Mean and 95% CI of |SMD| of available baseline covariates between investigational and control groups from the propensity score-balanced observational DST IDE study and seven randomized lumbar spine IDE device studies.

Discussion

Applying a propensity score subclassification design in this prospective, observational cohort achieved excellent covariate balance between patients receiving DST and TLIF, permitting causal interpretations of future outcomes comparisons between the non-randomized groups. When compared to similar IDE randomized trials, the PS-designed sample shows similar or better balance based on the average |SMD| values among the selected baseline covariates.

While the RCT is often considered the gold-standard study design, there is a dearth of RCTs in spinal surgery research literature likely due to practical challenges to blinding, ethical placebo conditions, and participant treatment preference.^4,7 Spinal device studies, in particular, may not benefit from a RCT design given the inability to effectively double-blind and the potential for strong patient preference for the treatment condition leading to selection bias or poor recruitment.³ When a RCT is not practical, an observational trial design incorporating propensity scores presents an alternative approach to creating the covariate balance between control and experimental groups required for causal inference.

The primary weakness of a PS design is the potential for unmeasured confounding.²⁵ While a PS design creates excellent balance between non-randomized groups on measured covariates (e.g., those included in the PS model), as well as balance in unmeasured covariates to the extent that they are correlated with these measured covariates, there remains the potential for remaining imbalance in covariates not included in the model. Randomization, on the other hand, is expected to achieve balance among both measured and unmeasured covariates across treatment and control groups.¹ To minimize the potential for such unmeasured confounding, following evidence-based practice,²⁵ the PS design described here included a rich set of covariates that are expected to be associated with study outcomes. These covariates were identified a priori through a collaborative process of statistical and clinical evaluation of current literature with subject matter experts and FDA. The chosen covariates captured a wide-array of information, including subject demographics and lifestyle factors, clinical and radiographical characteristics, and surgery-specific characteristics. As shown by Brookhart et al,²⁵ including covariates associated with study outcome can improve precision without increasing bias, whereas including covariates related to exposure but unrelated to outcome will worsen precision without decreasing bias. To further understand the robustness to unmeasured confounding, metrics such as the E-value³⁹ could be reported as part of future outcomes analyses. As defined in the seminal paper from Vanderweele and Ding,³⁹ the E-value is defined as “the minimum strength of association […] that an unmeasured confounder would need to have with both the treatment and outcome to fully explain away a specific treatment-outcome association, conditional on the measured covariates”. Thus, the larger the E-value, the more robust the results of the PS design are to possible unmeasured confounding.
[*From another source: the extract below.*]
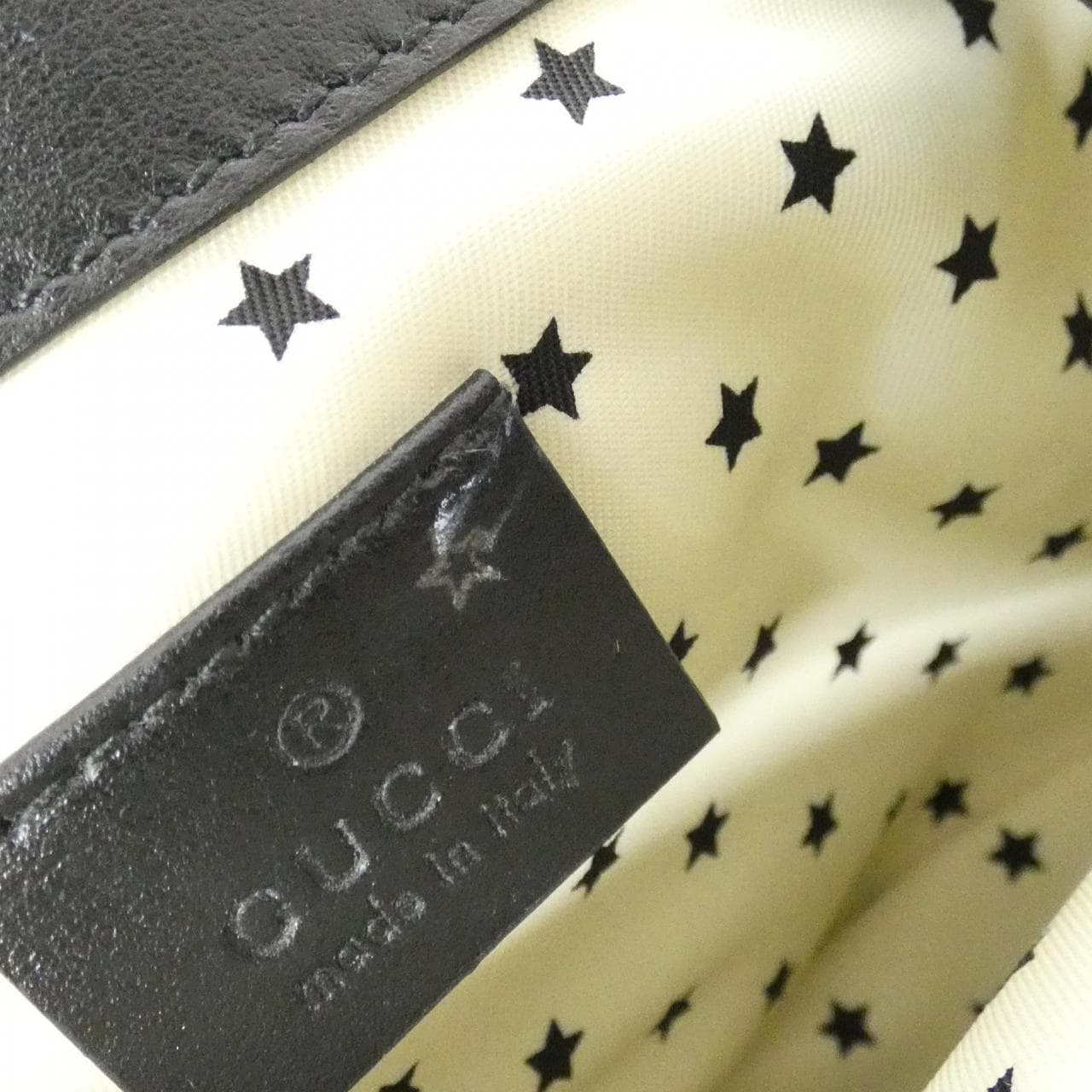 GUCCI 605112 Belt Bag Leather Black Leather - Thumbnail 8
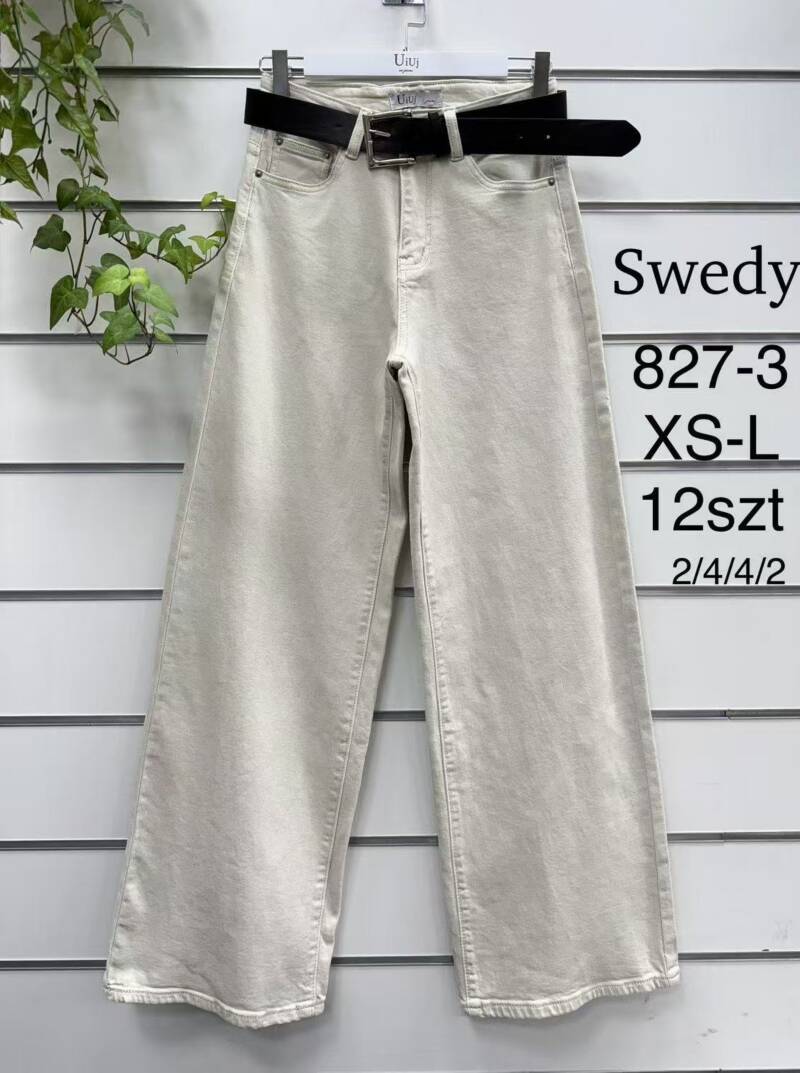 Spodnie damskie jeansy Roz XS-L, 1 Kolor Paczka 12 szt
We acknowledge that alternative study designs exist that attempt to mitigate the risk for bias from participant treatment preference in unblinded RCTs. An example is the two-stage randomized preference trial, where one cohort is assigned to their preferred treatment while another cohort is randomly allocated to treatment arms. Through this design, the effect of treatment preference on the relationship between exposure and outcome can be estimated.⁴⁰ An important drawback to the two-stage trial design is the larger sample size required, suggested to be double a traditional RCT.⁴¹ Additionally, there may be limited patients available who are willing to be randomized, delaying recruitment of the RCT cohort. Our trial design incorporated open label allocation, separate investigational and control sites, plus a PS design to efficiently mitigate the effects of patient preference or other selection bias on the relationship between exposure and outcome. Participants from control sites were never offered the investigational treatment; therefore, there was no other study treatment available to prefer. Those at investigational sites chose the IDE arm, reducing the risk of resentful demoralization affecting responses to subjective outcomes or trial retention. Through the PS design, we were able to achieve balance across numerous baseline covariates between the control and investigational groups, limiting the risk of selection bias from inherent differences in patients who preferred the investigational treatment and those who received the control.

Finally, we note that while the PS design was shown to have similar or better covariate balance than that achieved across 7 RCT studies available for comparison, the publicly available covariates were not the same across all studies as these data were obtained from the Summary of Safety and Effectiveness Data documents published by FDA. There may have been unreported or unmeasured covariates from the RCT studies that demonstrated significantly better balance than those of our study (e.g., smaller |SMD|). However, the very small |SMD| achieved across numerous relevant covariates through the PS design makes it unlikely that existence of these covariates would result in meaningfully better balance within the RCTs.

In conclusion, the PS design is efficient and allows for causal interpretations from treatment group comparisons, while potentially avoiding patient preference bias and “resentful demoralization” sometimes seen in control groups of randomized trials. Propensity score designs should be considered a rigorous study design alternative when randomization is impractical, unethical, or may introduce bias.

Footnotes

Author Contributions

Greg Maislin: Study design, analysis, writing and editing. Brendan Keenan: Study design, analysis, writing and editing. Todd F. Alamin: Study design and editing. Louie Fielding: Study design, analysis, writing and editing. Ashley Scherman: Writing and editing. Robert Hachadoorian: Study design, analysis, editing. Clifford Pierre: Editing. Rick C Sasso: Study Design and Editing. William F Lavelle: Study Design and Editing. Jens Chapman: Editing.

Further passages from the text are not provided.